The drummer tale is a staple of storytelling. To be kind, you’d call it well-worn; to be cruel, cliché. So many have done it so well: Faulkner, Chekhov, Flannery O’Connor, Malamud. Breathing life into the form seemed an impossible task, so I had to try. Sitting down to the desk, I wanted to see if I could outdo the established demigods of fiction. An act of hubris for sure, but what isn’t? I hope the reader judges me kindly.
The story, for me, always begins with an image. In college, my first love was geology. A group of us went down into a cave, and after what seemed like miles of dodging bats and slogging through mud, a professor showed us where the remains of an extinct bear -Arctodus simus , I think-had been discovered. I began with the vision of a skull, and then I had to dream the characters to find it. The story unspooled from there. Other stray images found a home: twin boys working fence posts by the roadside; a high meadow drowning in beaver dams; a pair of dead foxes, one red, one gray. Also, the story gave me an opportunity to write one of my favorite landscapes in West Virginia, where the karst lands meet the mountains.

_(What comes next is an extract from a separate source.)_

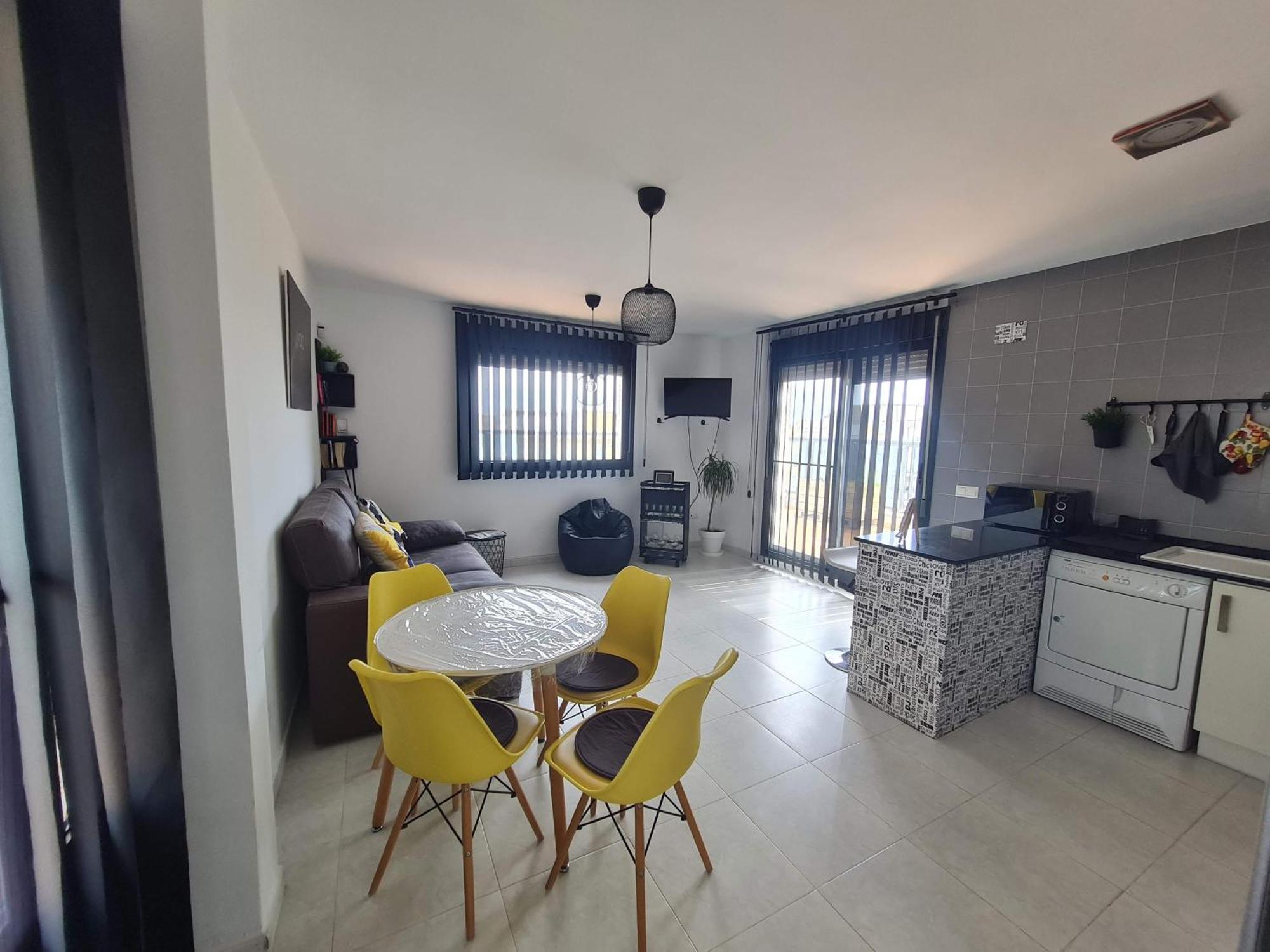 Апартаменты Attic Terrace 360 Moncofa Монкофар Экстерьер фото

Most of my work is a variation on one theme: the crisis of people who love the land, but are faced with the prospect of selling or destroying some aspect of it to translate the landscape into dollars. This is West Virginia’s story. From timbering to coal mining to Marcellus shale fracturing, the ground has been sold again and again. Despite our common myths and party rhetoric, extractive industry has failed to improve the lot of West Virginians. For me, “Something You Can’t Live Without” is a middle chapter in a long, fraught history.
Matthew Neill Null was born in Summersville, West Virginia, in 1984. He is a graduate of the Iowa Writers’ Workshop, and his stories have appeared in Oxford American and Gray’s Sporting Journal . He was the 2010-2011 Provost’s Postgraduate Writing Fellow at the University of Iowa. Null lives in Iowa City.
Lori Ostlund, “Bed Death”
In 1996 my partner and I moved to Malaysia, where we taught business communications at a college very much like the one in the story. There was a bed, for example, behind glass in the lobby, and we looked at an apartment in Nine-Story Building, which, at least then, was the tallest building in our town and was thus, sadly, attractive to jumpers. We found an apartment elsewhere, but during our stay, several people committed suicide by jumping from the building’s roof, and so we became familiar with the building through newspaper accounts and public lore as well as through a friend who lived there. What intrigued me was the way that people sometimes spoke of the jumpers, with a detachment that allowed them to view the suicides as an irritation, an occurrence whose salient feature was its ability to make less pleasant the lives of those who lived in the complex. Yet, on another level, I understood how and why the tenants came to feel this way, and this understanding-of the way that others’ pain or suffering can become a minor and curious backdrop for the drama of our own lives-became the framework of my story.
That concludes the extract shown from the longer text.